By Kelly Jackson Higgins
Everyone's talking about Gigabit Ethernet, but is anyone actually doing anything about it? Even with the wave of Gigabit Ethernet switches hitting corporate networks, few businesses are truly tapping gigabit speed. But then there are pioneers, such as The Designory, which not only is running an operational gigabit backbone, but is pushing its servers, and eventually its desktops, to gigabit, too.
"The way we arrived at our network configuration was all about bandwidth," says Gian Zoppo, IS director for the Long Beach, Calif.-based design firm.

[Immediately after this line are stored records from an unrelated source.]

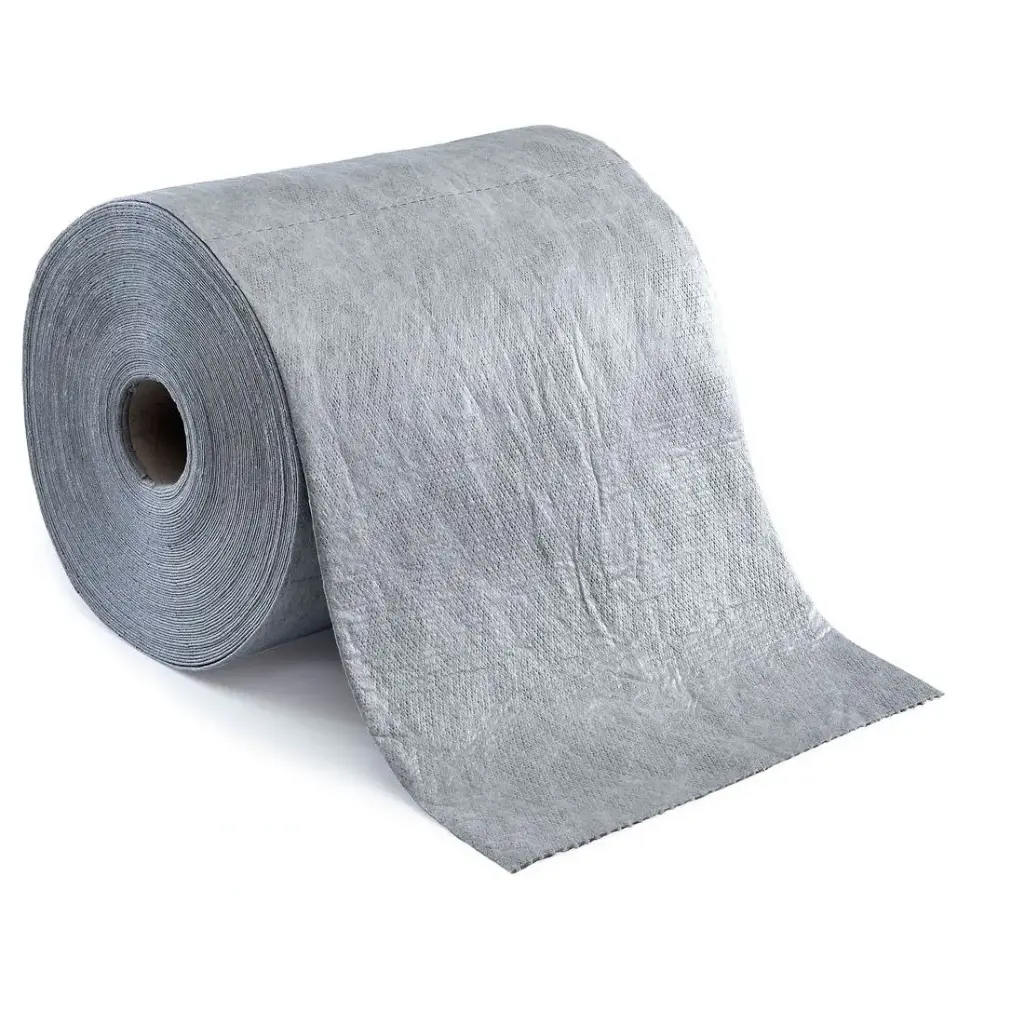SM15 Spill Maintenance Roll
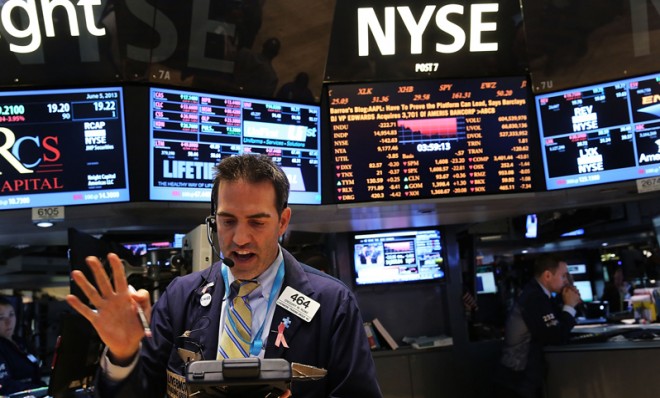 traders 3.10.40 PM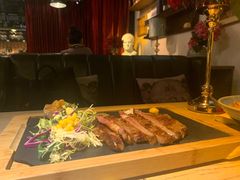 -杂咖zacup(领展中心城店)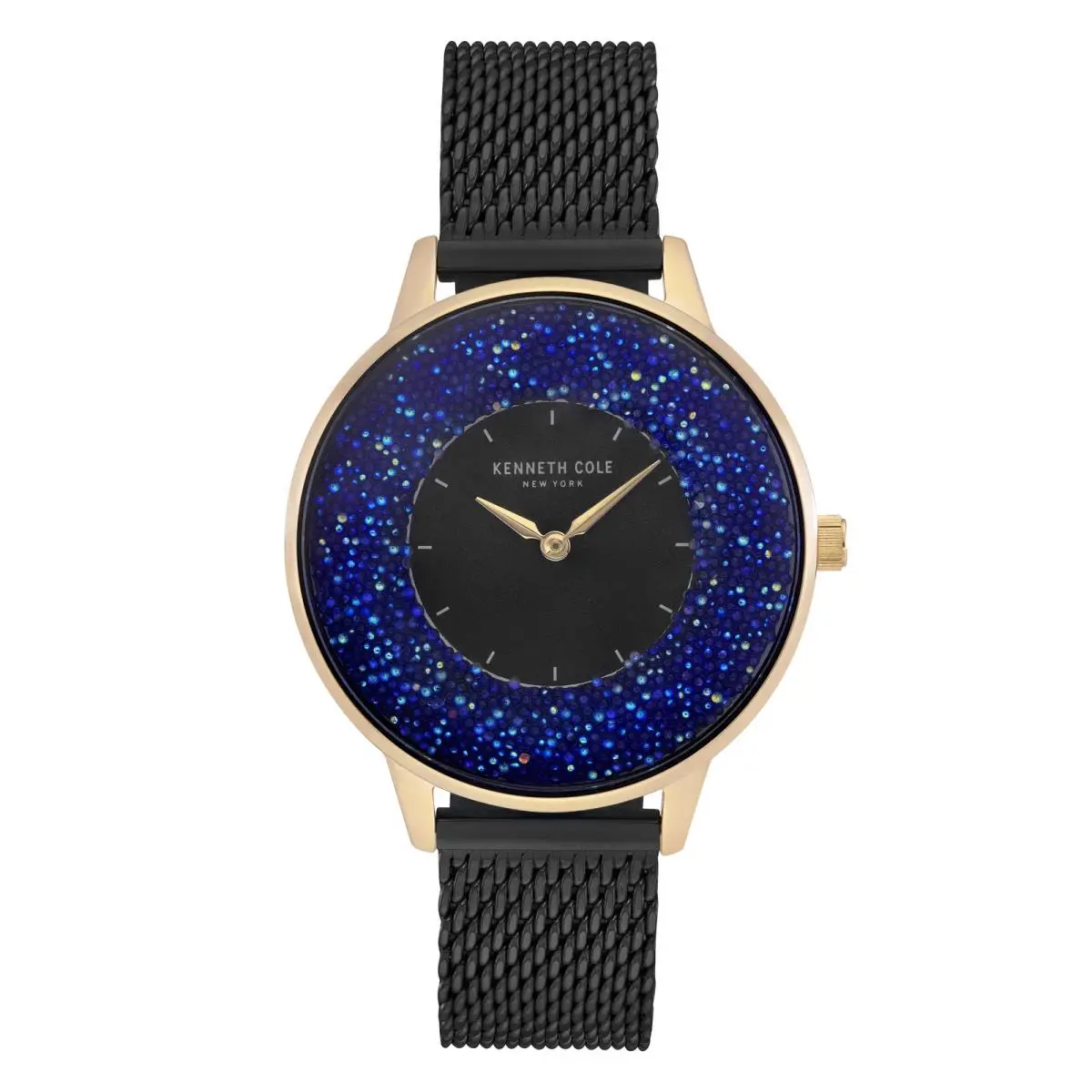 Women`s 33mm Quartz Watch KC51053001 by Kenneth Cole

One of the largest independent integrated-design firms in the United States, The Designory's high-profile work includes brochures for luxury automakers Porsche and Mercedes, merchandising for Home Savings of America, and Web work for AMP Research's bikes.

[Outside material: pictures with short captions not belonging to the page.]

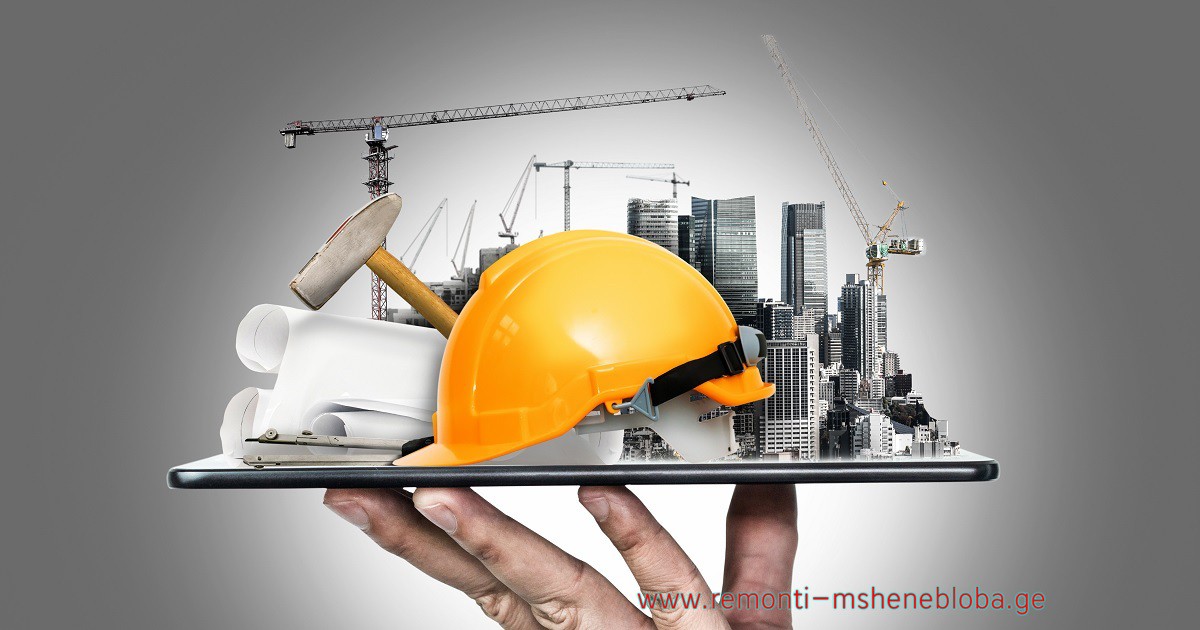 How Much Does It Cost to Renovate One Square Meter: Detailed Breakdown and Insights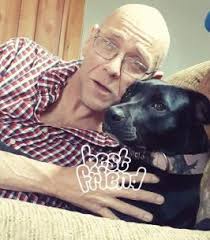 Wayne Sibley Obituary (2023)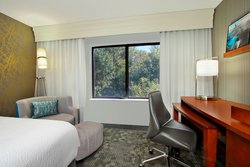  - Courtyard by Marriott East Point - I-285, Exit 2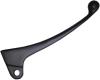 Picture of Front Brake Lever for 2008 Honda SCV 100 -8 Lead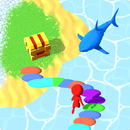Graffiti Looting APK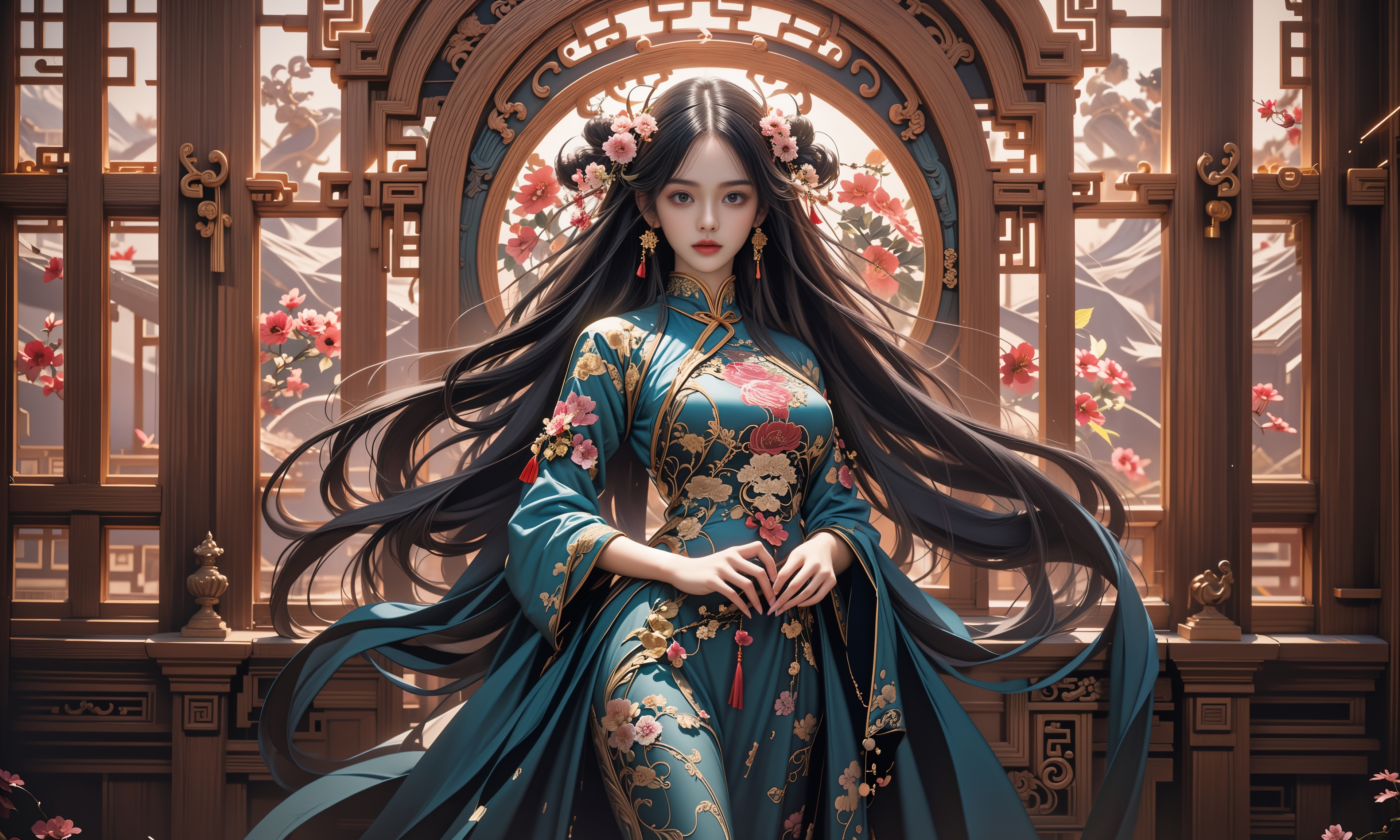 “雪糕刺客”钟薛高被申请破产，创始人曾卖红薯还债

The Designory's files are big--some digital images can be as large as 1 GB. With the company's old 10-Mbps shared Ethernet backbone, it could take up to 30 minutes for digital artists to save their massive files. "Users would tend to hold back and not save as often," Zoppo says. "If their workstations crashed, they would lose their work."

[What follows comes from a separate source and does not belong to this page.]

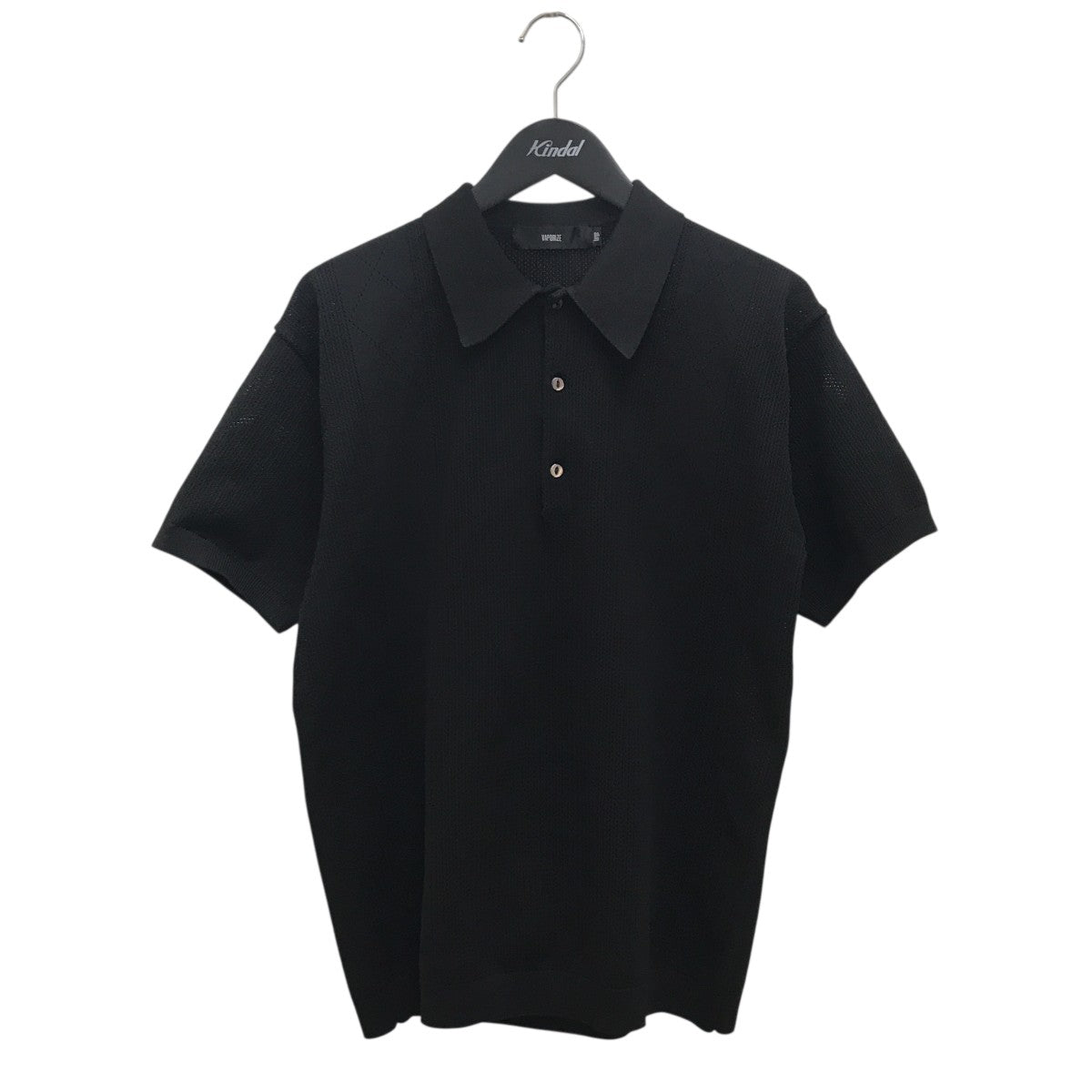 新品未使用　POLO ポロシャツ　日本　JAPAN 楽天市場】日本製（ブランドラルフローレン）（ポロシャツ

The new Gigabit Ethernet backbone, which consists of three Bay Networks Accelar 1200 Layer 3 switches as well as full-duplex, 100-Mbps Ethernet links from the desktop to the backbone, has shaved those file-save times from a half hour to a few minutes or even seconds. Today, artists and designers working on high-end Apple PowerMac 9600s get continuous file transfers of about 6.5 MB per second to the server on average, Zoppo says.
He says The Designory considered ATM as well as other local high-speed connections such as HPPI (High-Performance Parallel Interface) and Fibre Channel for its backbone, but Gigabit Ethernet was less expensive and required no retraining of the network staff. And The Designory's main operations are all within a single building, so Gigabit Ethernet's physical distance limitations weren't an issue. "We didn't want to redesign our network--Ethernet was something we were familiar with," Zoppo says.
Meanwhile, there is a noticeable kludge in the Gigabit Ethernet network: the size of the desktop and server machines' data paths. "Even with a gigabit NIC, once you hit the bus, you can only move so much data across that bus to memory or to I/O," says Zoppo. The ideal bus size for The Designory's workstations and server is 64 bits or higher, with OSes and applications capable of taking advantage of it, he says.
And The Designory is still awaiting a native Gigabit Ethernet NIC for its Silicon Graphics Origin2000 server; Zoppo expects to have the gigabit connection to the server up and running this summer. That would replace the 100-Mbps server connection and let the firm begin bringing gigabit down to the desktop. "Achieving gigabit to the desktop is going to allow us to help define the design process in the next millennium," Zoppo says.